The majority of faculty never use licensed or library image databases. The institution should bring together image collections from different departments, museums and special collections into a single institutional collection, though it is a difficult and complex undertaking. Faculty have said “using digital images had revolutionized their teaching.” The complexity, difficulty and expense of deploying digital images and the transition, is a longer, more ongoing process than we have expected. It is more of an ongoing process than a transition.
They recommend:
· Develop and share tools and services to help faculty organize, catalog, and manage their personal digital collections, in a user-centered content model.
· Encourage and enhance the relationship between individual personal digital image collections and the evolving institutional collection.
· Publicize and direct users to especially good online image resources in any given subject area.
· Publicize and demonstrate locally-available digital image resources to faculty and, where possible, research faculty’s most pressing digital image needs in order to match them with available resources.
· Create institutional collections serving many departments
· Develop a plan with faculty to provide digital image services when closing analog slide collections
· Publicize new tools as they become available
Long-term Stewardship of Digital Data Sets in Science and Engineering.
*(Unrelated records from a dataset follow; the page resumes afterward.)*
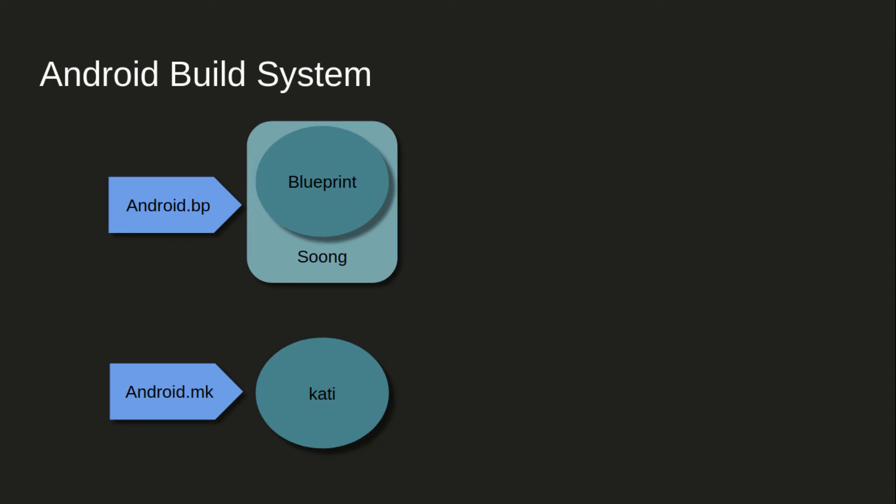Google has done their part, but for the third party also, like if any vendor has implemented their own HAL and different things, so they have to translate their code also into BP format, BP compatible or Blueprint compatible. For that, Google has given tool also where we can translate from android.mk to android.bp using that tool. But that tool is not 100% translation.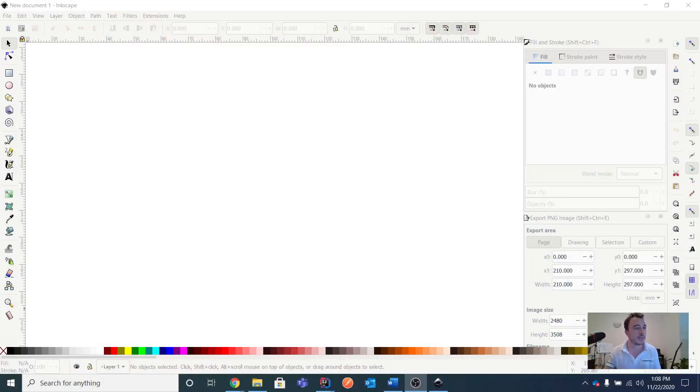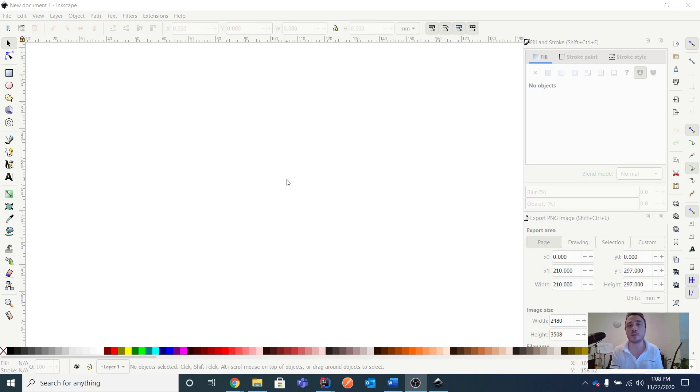So one of the best ways to handle that is to have an application framework and build your business logic on top of it, since it provides all these capabilities. Let me show you my screen — that's where we get into discussing how the application framework provides you these capabilities.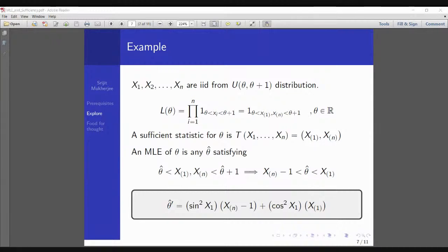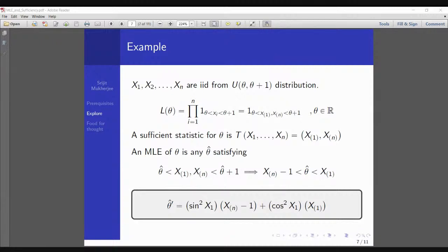Now consider the specific choice: theta-hat* = sin²(X_(1)) + cos²(X_(1)) times some function involving X_(n)−1. Note that sin²(X_(1)) + cos²(X_(1)) = 1, so this simplifies and lies between X_(n)−1 and X_(1) — making it a valid MLE. However, it is not dependent only on the pair (X_(1), X_(n)) — it also depends on X_(1) individually. So this particular MLE is not a function of the sufficient statistic (X_(1), X_(n)) alone.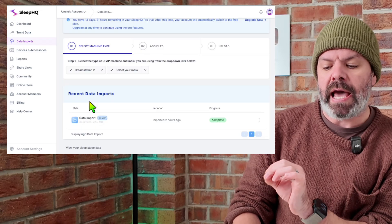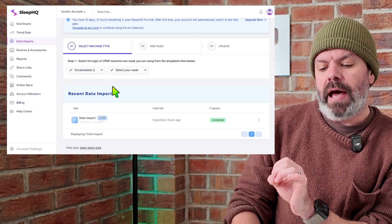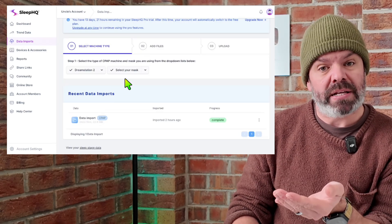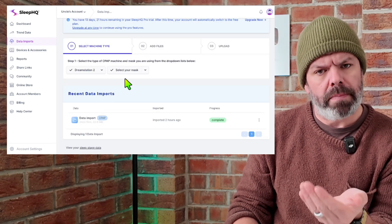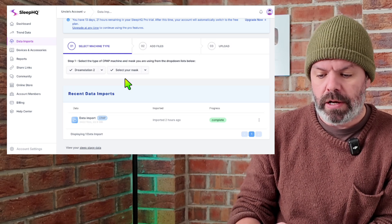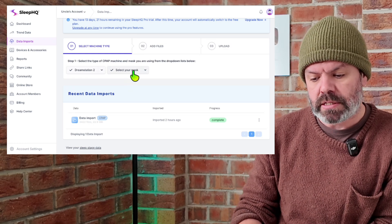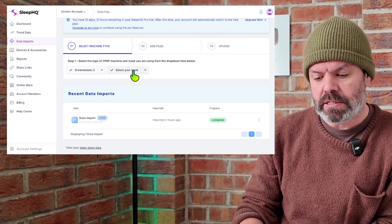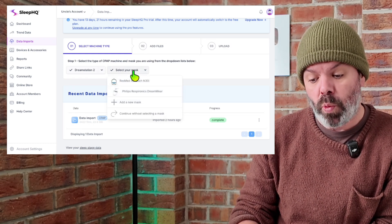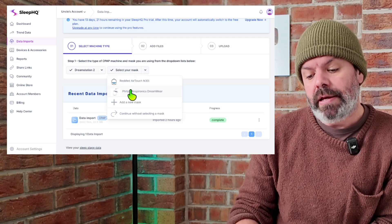And we've recently added a section where you can select your mask now if you want to track your mask performance. So I'll click select your mask and we'll choose the Philips DreamWare here.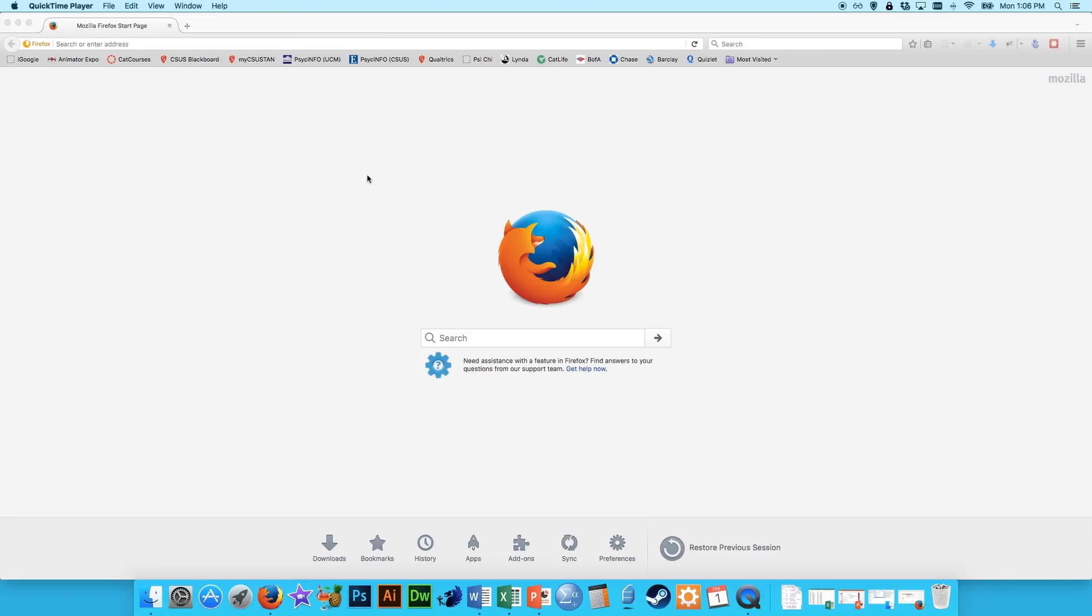In this video, I'm going to show you how to use PsycInfo, which is the psychology database available to all students.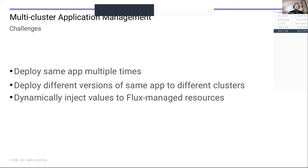As we embraced Flux more and more in the process of getting Commander v2 out the door, we faced certain challenges. Three of these I'd like to lay out further. The first is: how do we deploy the same application multiple times, given that application definitions are pretty statically defined in the Git repository? The second challenge is: how do we offer the ability to deploy different versions of the same application to different clusters? The third challenge was: how do we dynamically inject values into Flux-managed resources?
ARL Report of workshop held on September 2006.
This 160 page report examines the role of research and academic libraries in the stewardship of scientific and engineering digital data. The stewardship of digital data is fundamental to research. Because of the large challenge regarding digital data stewardship, responsibilities should include partnerships with institutions and disciplines. Universities have played a leadership role in the long-term preservation of knowledge through their libraries. “Stewardship of digital resources involves both preservation and curation. Preservation entails standards-based, active management practices that guide data throughout the research life cycle, as well as ensure the long-term usability of these digital resources. Curation involves ways of organizing, displaying, and repurposing preserved data.” There needs to be a close link between digital data archives and scholarly publications. Preservation occurs throughout the lifecycle or stages of data production.
Preservation consists of
· the management practices based on standards for the metadata and data throughout the research life cycle
· the long-term care for these digital products.
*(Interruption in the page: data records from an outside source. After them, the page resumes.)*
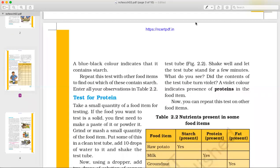Hello everyone, this is Anshali Agrawar and welcome to the video series of Class 6 Science. We are in Chapter 2, Part 2. In Part 1, I told you about the introduction of the chapter, the important components, and the nutrients. I also told you about starch.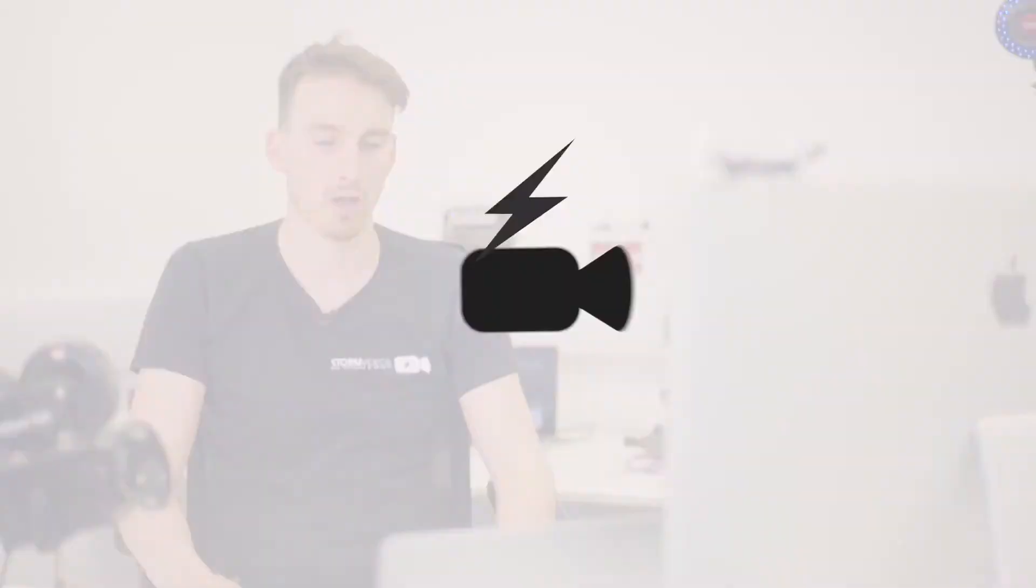Hi and welcome to another Storm Videos Top Tips session. Today we're going to talk about 360 videos.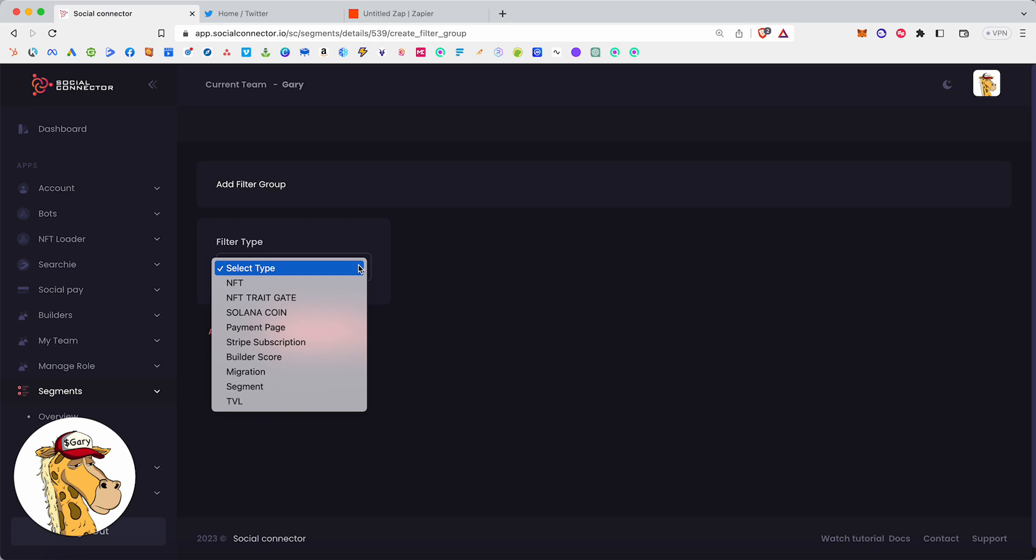Important to understand at this point of this video is segments are groups of people. Now, we haven't been able to do a ton with segments up until this point. We've been able to take a group of people and put them into Searchie so we could unlock a membership site for them. We've been able to take a group of people and register them for a live event with Obvio. That's the same technology that Tony Robbins uses. We've been able to take a group of people and give them a role in Discord, which is our community platform that we use. But that's been kind of the limitations of where we're at.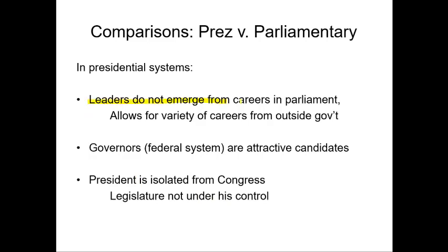In presidential systems, leaders typically do not emerge from careers in parliament — presidents can come from anywhere. We've recently seen a private businessman become president of the United States. In the American federal system, governors are quite often very attractive presidential candidates: George W. Bush, Bill Clinton, Ronald Reagan, and Jimmy Carter were all governors. Governors are attractive candidates because they've actually been the administrators of a very large governmental system, making them perhaps more suited to stepping up as administrator of an even larger governing system.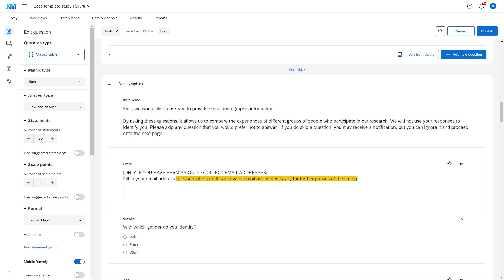In the baseline survey you will find a few bits and pieces where we've tried to include instructions that help applicants or candidates to understand what and how they should answer. For example, if you look at the demographics, we first mention after that a very long list of information from the information letter and the consent form.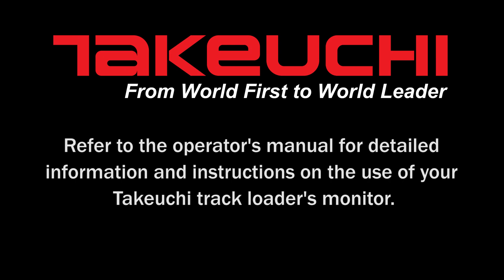Always refer to the operator's manual for detailed information and instructions on the use of your Takeuchi track loader's monitor.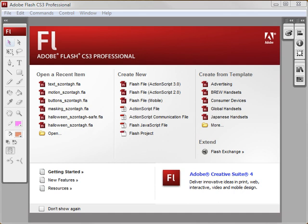Hey, what's up everyone? This is Steven again. Today's tutorial is going to be on using masks within Flash.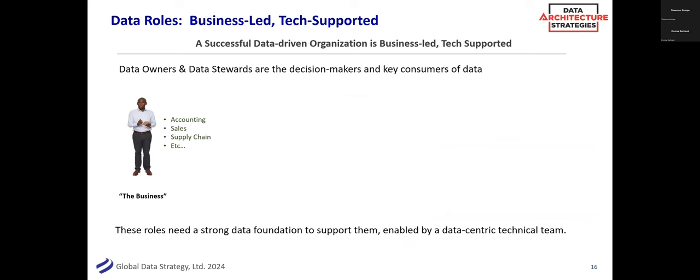What are the roles that help manage this? It does take a village. A successful data-driven organization is business-led and tech-supported. It's a business asset that is driven by technology — that's what makes it complex. Does it report up to IT or through the business? Good data-driven organizations are business-led and tech-supported and they need to work together. Generally there are roles called data owners and data stewards — people in the business with a day job who are the decision makers and key consumers of data, the accountable and responsible parties for data.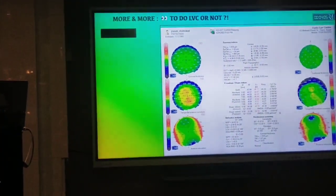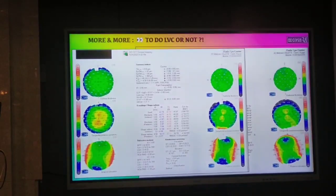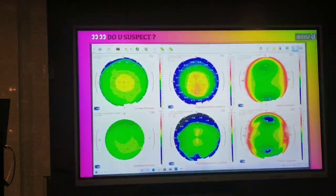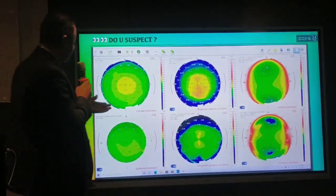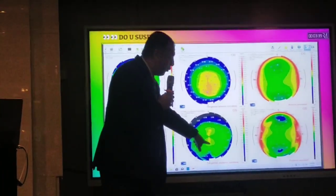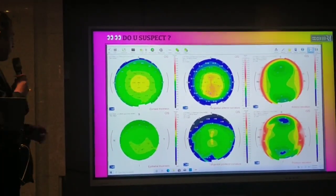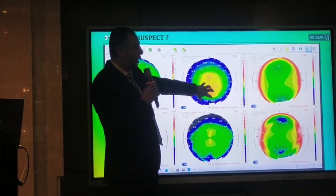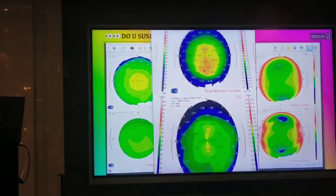Finally, do you do laser vision correction in this case or not? This is the right eye and this is the left eye with inferior steepening — very significant in topography. But when I looked at the other eye for this patient, I found a highly significant anterior surface steepening with a very normal back curvature. However, the epithelium is thickening, so I would be comfortable proceeding for this patient despite the highly significant anterior steepening.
· the standards-based output of metadata and data for their long-term care, access, migration and refreshment.
Preservation of digital data has forced a re-examination within the library/archives community of existing assumptions about responsibility, use, oversight,
and cost. Long-term preservation and curation are understood as preserving and reading bits, but also as a system that requires cooperation across many organizations and stakeholders in a sustainable model. Preservation is both an organizational and a technical challenge. The OAIS model is a useful mechanism for preservation.
Data preservation has distinctive requirements for
· Resources: storage, systems, maintenance, services
· Continuity: migrate without interruption
· Metrics of success: no serious loss of data
· Funding: address long-term commitment
In building a preservation model, some research topics include: prototyping different types of technical architectures; specifying ingest systems at different scales; deploying data models across organizations; and creating tools for automatic metadata harvesting.
Academic libraries need to expand their work to include storage, preservation, and curation of digital scientific and engineering data. This requires evaluating where in the research process chain the preservation activities should occur, who should do them, and how they should be accomplished. In discussing models for economical sustainability of such activities: one model was “The Mormon Church, which combines tithing, user fees, and sales.” Multiple strategies will be required to meet the different circumstances that exist. Repository experiments should address key issues such as transition between media/formats/institutions, self-sustainability, and exit strategy.
Some recommendations include:
· Involve experts in developing economic models for sustainable data preservation
· Set up multiple repositories and treat them as experiments.
· Develop tools for automated services and standards to manipulate data easily
“Digital information is fragile and we do not have the luxury of letting time take its course.” There needs to be sustainable framework for long-term stewardship of digital data. “We don’t get anywhere if we don’t start somewhere.”